[WHAT NEEDS TO BE DONE]: Could you restate word for word the lines running from the one with "容留他人吸毒罪一般判几个月" to the end of the data, both ends included, but without pictures?

[DATA BLOCK]:
-------

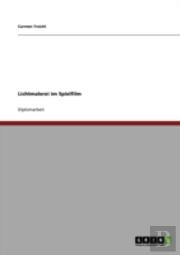 Lichtmalerei Im Spielfilm
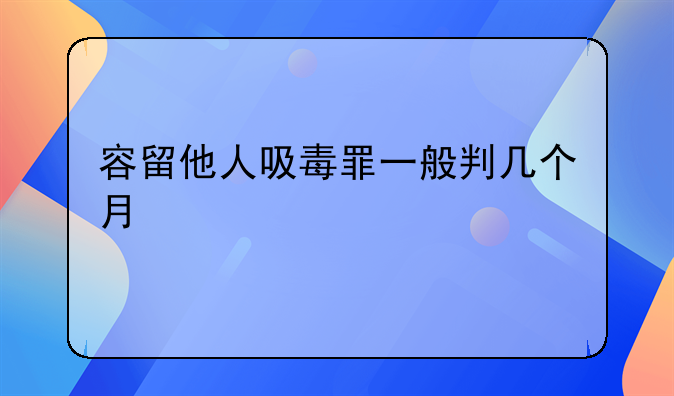 容留他人吸毒罪一般判几个月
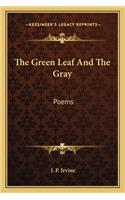 The Green Leaf And The Gray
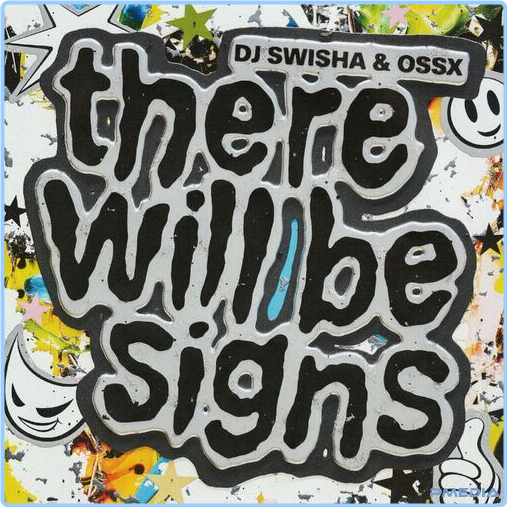 DJ Swisha THERE WILL BE SIGNS (2024) [320 Kbps] 8YIWTDys_o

-------

[RESULT]:
 容留他人吸毒罪一般判几个月
 The Green Leaf And The Gray
 DJ Swisha THERE WILL BE SIGNS (2024) [320 Kbps] 8YIWTDys_o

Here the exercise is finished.